To investigate the effect of Congxin Lunzhi Fang (CXLZF) for improving atherosclerosis (AS) and explore its therapeutic mechanism.

Thirty ApoE-/- mice were fed on high-fat diet (HFD) to establish AS models, which were randomized equally into model group, low-, medium- and high-dose CXLZF groups (daily dose 4.5, 9, and 18 g/kg, respectively), and simvastatin (5 mg/kg daily) group, with 6 male C57BL/6 mice fed a normal diet as the control group. The mice in the control and model groups were gavaged with normal saline, and those in the treatment groups were gavaged with the indicated drugs for a treatment course of 12 weeks. The changes of atherosclerotic plaque and liver pathologies were observed using oil-red O, HE and Masson staining, and blood lipid profiles and serum levels of glucose, Alanine aminotransferase (ALT) and Aspartate aminotransferase (AST) of the mice were examined. The protein expressions of ACE2 and E-selectin were determined with Western blotting. Drug-containing serum was collected from SD rats gavaged with CXLZF for treatment of human umbilical vein endothelial cells (HUVECs) with oxidized low-density lipoprotein (ox-LDL)-induced injury, and the protein expression of ACE2 in the cells was determined.

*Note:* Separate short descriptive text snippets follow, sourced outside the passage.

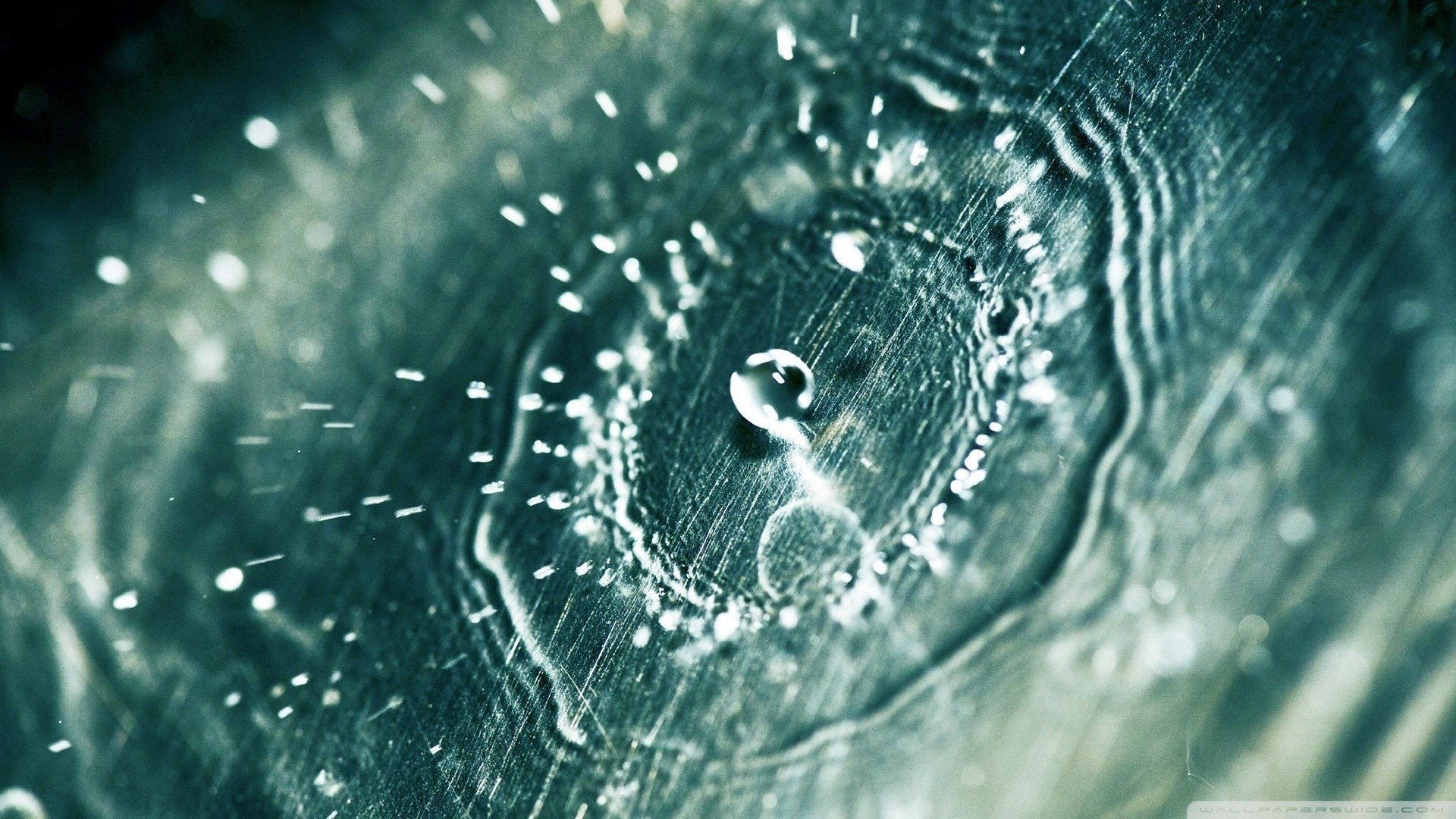 Goccia d'acqua, Increspature, Verde acqua, Macro, sfondo Android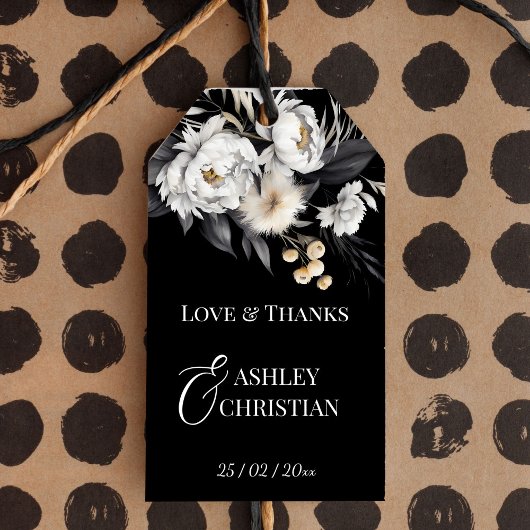 Étiquettes-cadeau Soirée de mariage noir et blanc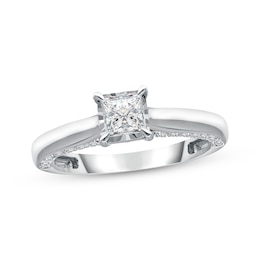 Previously Owned Diamond Solitaire Engagement Ring 1 ct tw Princess/Round 10K White Gold (J/I3)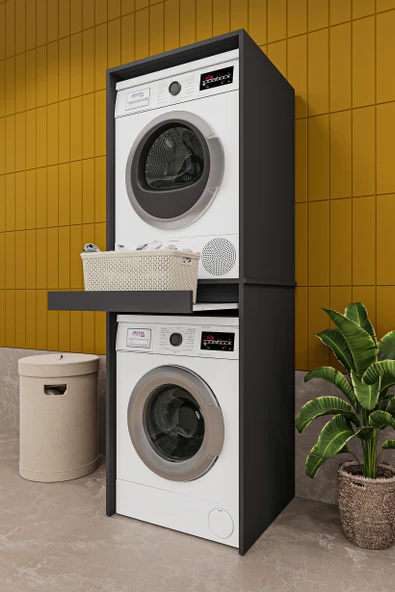 Lüks Çekmeceli Çamaşır Makinesi Dolabı %100 MDF Çamaşır Kurutma Banyo Dolabı BD05  ANTRASİT ürün görseli 1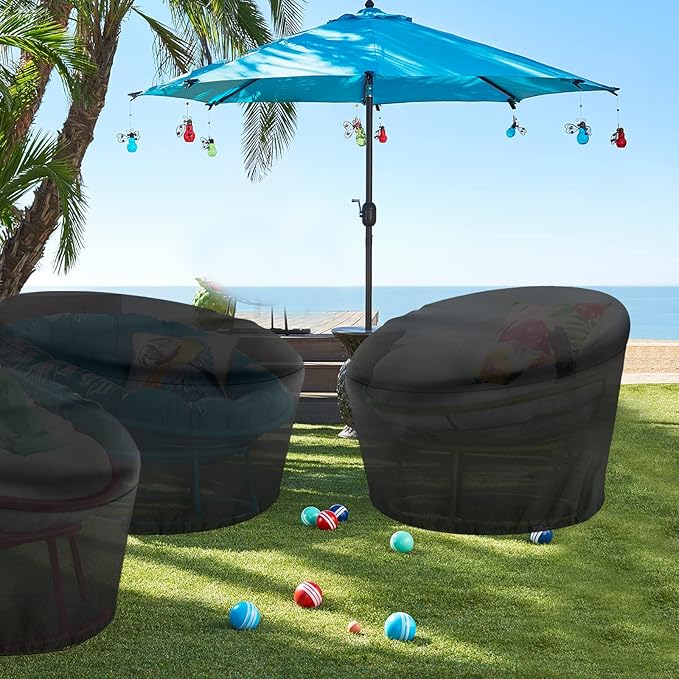 Papasan Chair Cover Waterproof,(for 47in Outdoor Papasan Chairs Covers Black) Zipper Design, Easy to Put On and Take Off, Dust Resistant Patio Furniture Seat Covers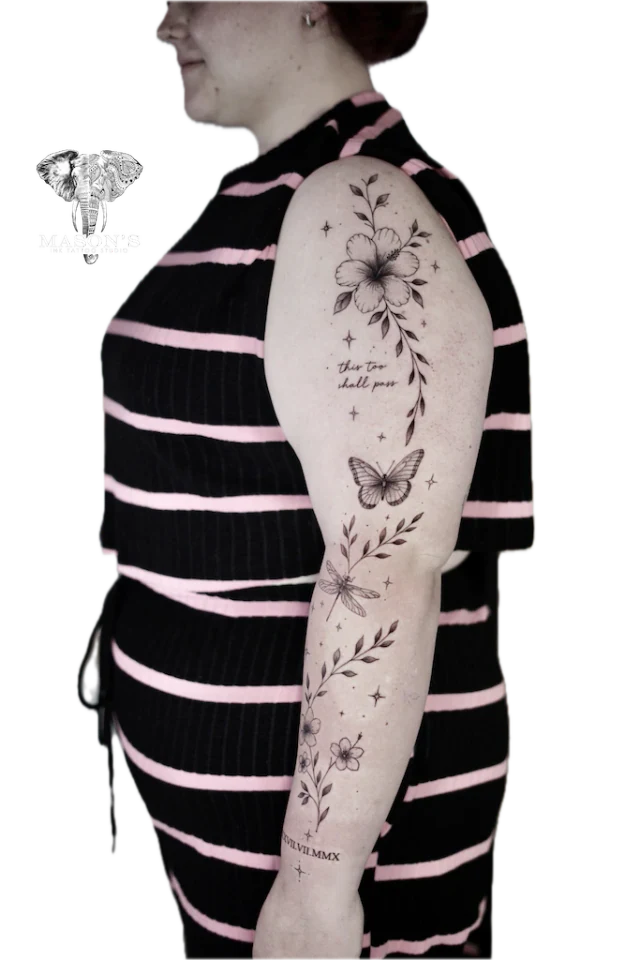 Fine Line Flower, Butterfly and Script Tattoo Design - Fineline tattoo by Mason's Ink Tattoo Studio, Bali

In ApoE-/- mice, CXLZF at all the 3 doses significantly reduced the plaque area and increased the collagen content in atherosclerotic plaque, indicating improved plaque stability. CXLZF treatment, especially at the high dose, also significantly reduced the levels of serum lipids (P < 0.05). CXLZF significantly lowered serum ALT and AST levels, mitigated hepatocyte steatosis (P < 0.05), increased the protein expression of ACE2 and down-regulated E-selectin expression (P < 0.05) in the mice. In HUVEC cultures, CXLZFcontaining serum (5%, 10%, and 20%) significantly up-regulated the cellular expression of ACE2 protein (P < 0.05).

CXLZF relieves aortic atherosclerosis in ApoE-/- mice possibly by regulating ACE2 protein.